We first verified that dynamic DNA duplex formation can be affected by the target protein.49,68 As shown in Fig. 2a, a fluorescein (FAM) molecule and a quencher (DABCYL) were conjugated to two complementary DNA strands; the decrease of fluorescence therefore indicates DNA hybridization. The other end of the DNA was conjugated to a biotin, a desthiobiotin, or an iminobiotin molecule (Fig. 2b). These ligands are well known to bind to adjacent pockets on the tetrameric protein streptavidin (SA) with different affinities (Kd: 40 fM, 2.0 nM and 50 nM, respectively).73 Moreover, we reason that, in order to establish dynamic exchange, the DNA duplex should have a melting temperature (Tm) close to the experiment temperature, and it should also be sufficiently long to ensure hybridization specificity; therefore, either 6- or 7-base DNA duplexes were chosen in our study.

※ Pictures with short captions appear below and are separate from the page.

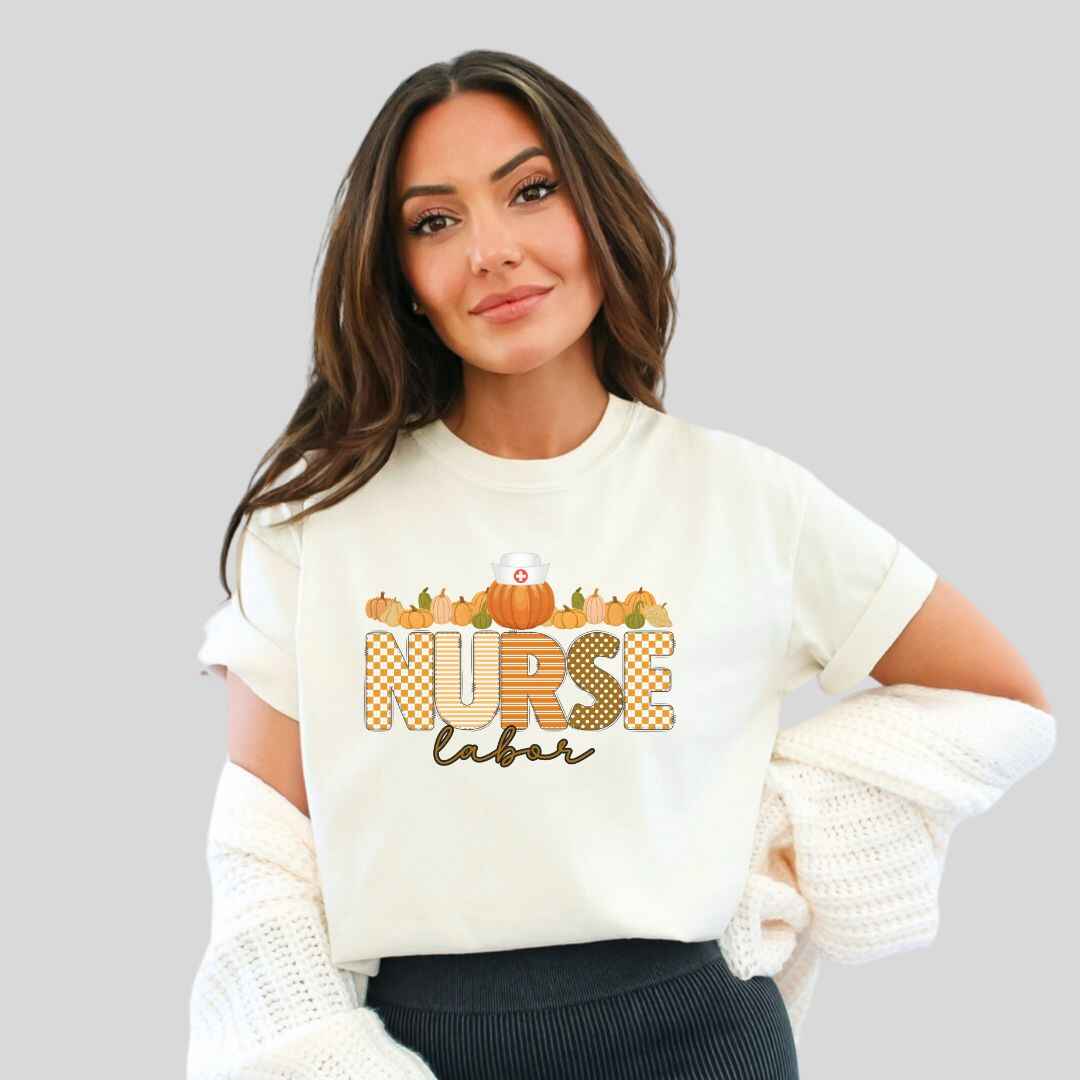 L&D Pumpkin Fall Nurse T-shirt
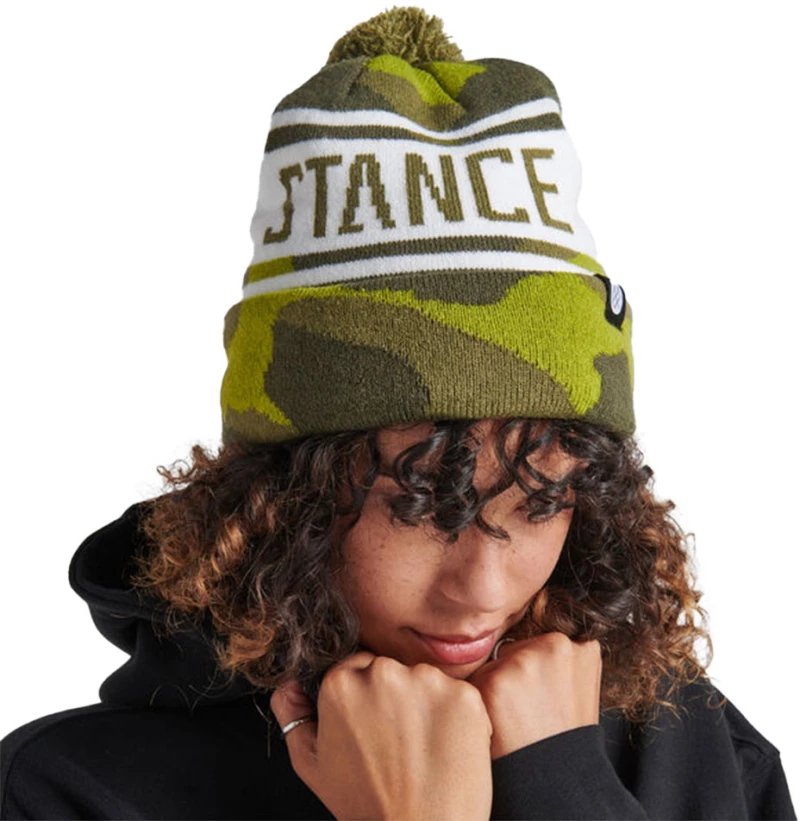 Stance OG Pom Beanie Camo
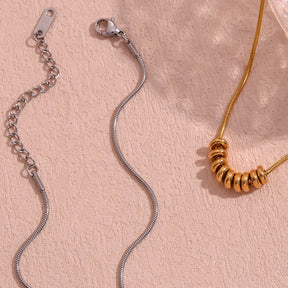 Colar Minimalista de Zircônia Banhado a Ouro 18K
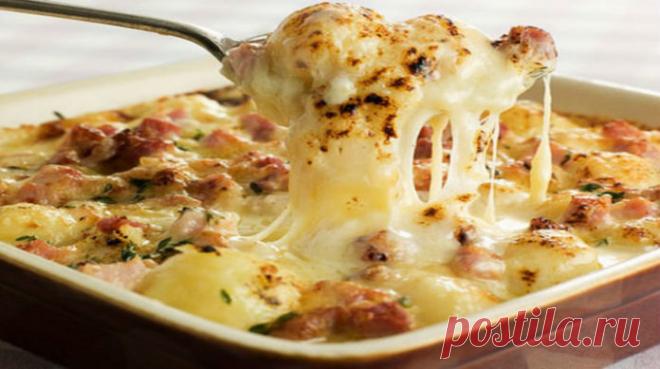 Лакомая и душистая картошка по-французски c куриным фаршем - ПУТЕШЕСТВУЙ ПО САЙТУ.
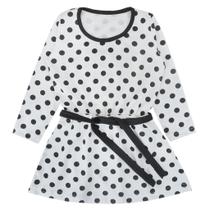 Vestido Poá com Manga Longa - Big Bless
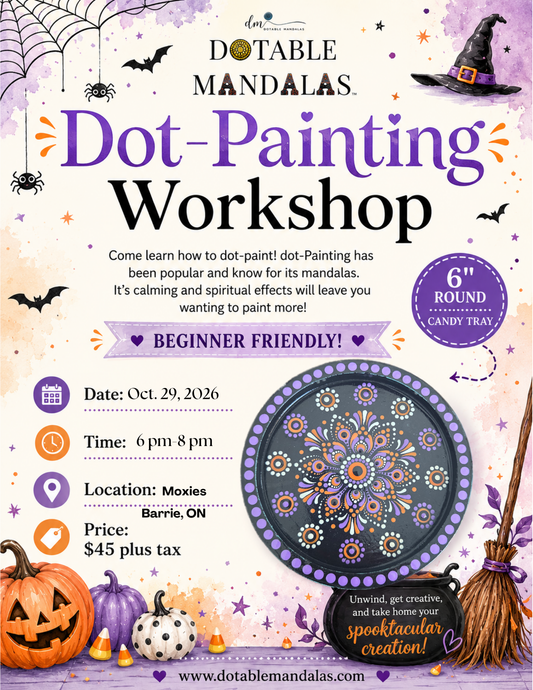 Barrie-Candy Tray Dot-Painting Mandala Workshop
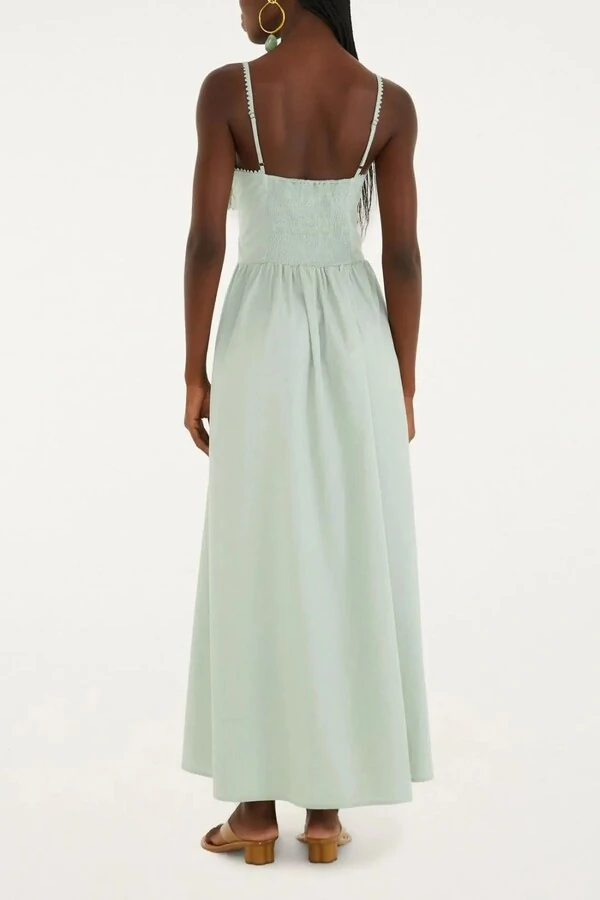 Vestido alcinhas amarração frente Farm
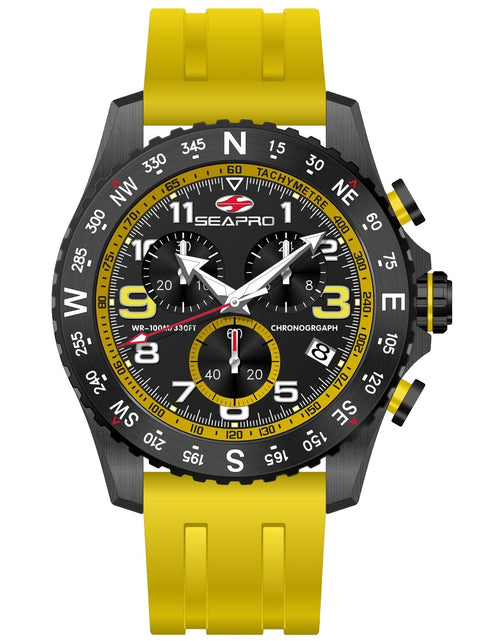 Load image into Gallery viewer, Seapro Men's Gallantry Black Dial Watch - SP9737 by Balec Group
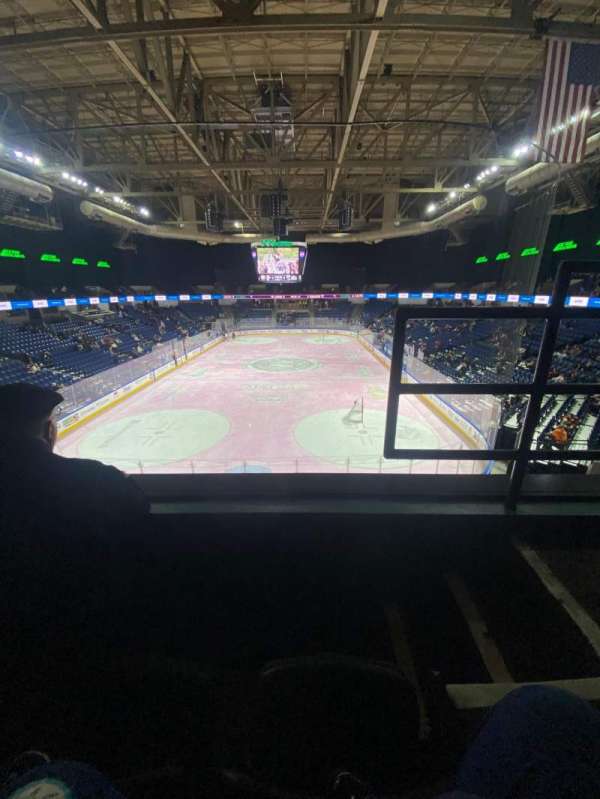 DCU Center, section: 201, row: B, seat: 2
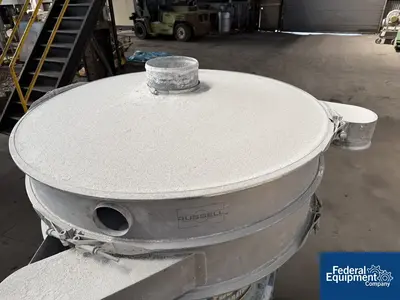 Used Russell 48" Russell Finex Screen, S/S, Single Deck Circular Screeners Ohio US | Federal Equipment Company #1339973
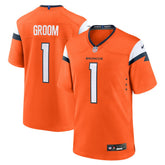 Number 1 Groom Denver Broncos Game Jersey Orange | Nike for Sale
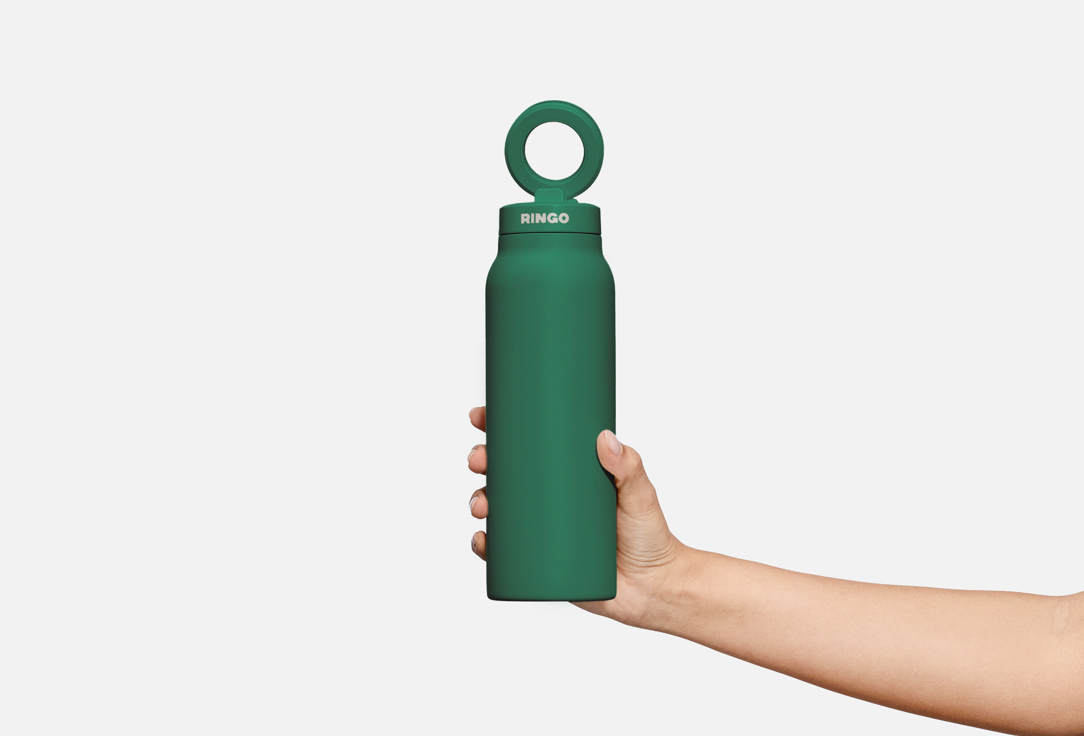 RINGO INSULATED WATER BOTTLE WITH MAGNETIC PHONE MOUNT Sip Lid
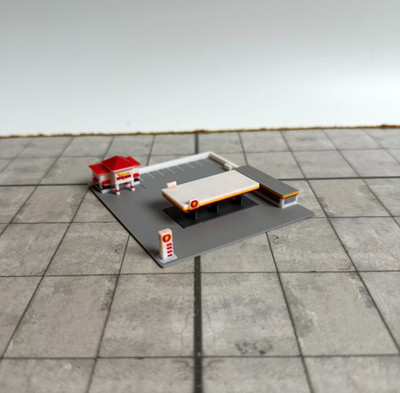 für Herpa Wings 1:500 Tankstelle Petrol Station Restaurant  / Airport Accessoire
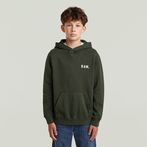 G-STAR® Boys Premium Core Hooded Sweater Green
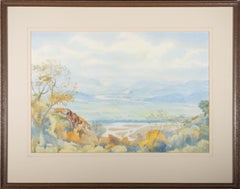 R.S. Deeves, - 1932 Watercolour, Vast Landscape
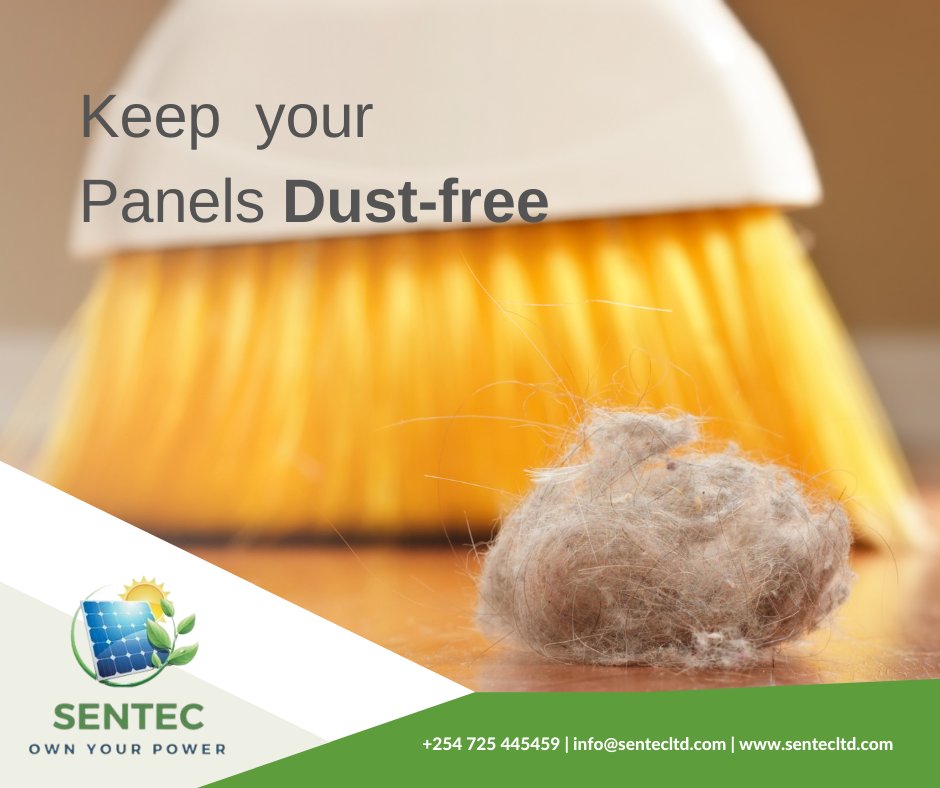 sentec_ltd's tweet photo. PV plant cleaning response ensures that your solar panels are free from dust and other foreign covering for maximum exposure to sunshine and optimized electricity generation.
#SolarEnergy
#ownyourpower
#getconnected https://t.co/pndNIB6HdA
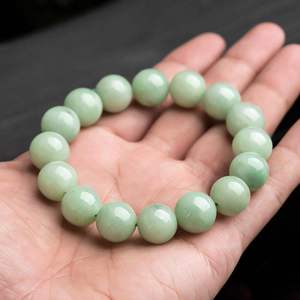 Jadeíta Natural de Myanmar, Cuentas Circulares de Color Verde Claro, Collares de Jade, Venta al por Mayor, Diseño Original C045 - Product Image 4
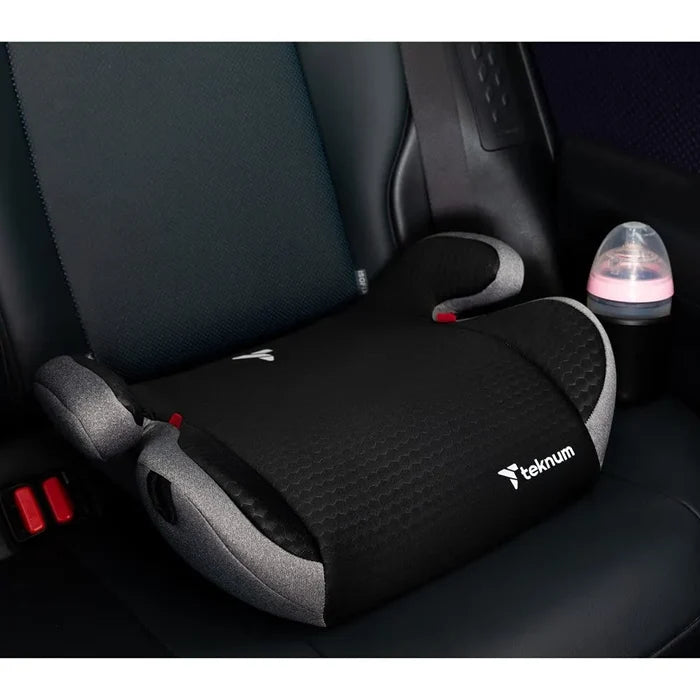 Teknum Car Seat Booster - Mars (Grey, 4-12 Years Old)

image file: c5sc02467f-f2.tif
Fig. 2 (a) Two complementary DNA strands conjugated to biotin, desthiobiotin, or iminobiotin and FAM/DABCYL groups were mixed with the target SA (i), with BSA (ii), with no protein (iii), or with one ligand omitted (iv). (b) Structures of the small molecule ligands. (c) Fluorescence quenching results. FAM fluorescence values were measured and normalized to (iii). Left panel: with biotin; middle panel: with desthiobiotin; right panel: with iminobiotin. (d) Structure of the raloxifene ligand. (e) Fluorescence quenching results of the raloxifene–ER system. ER was used as the target in (i) and (iv). DNA: 200 nM each; protein: 400 nM. The DNA and protein were incubated at 30 °C for 1 h before measurement using a fluorophotometer. Excitation: 494 nm; emission: 522 nm. Error bars (standard deviation, SD) are based on three replicates of each experiment.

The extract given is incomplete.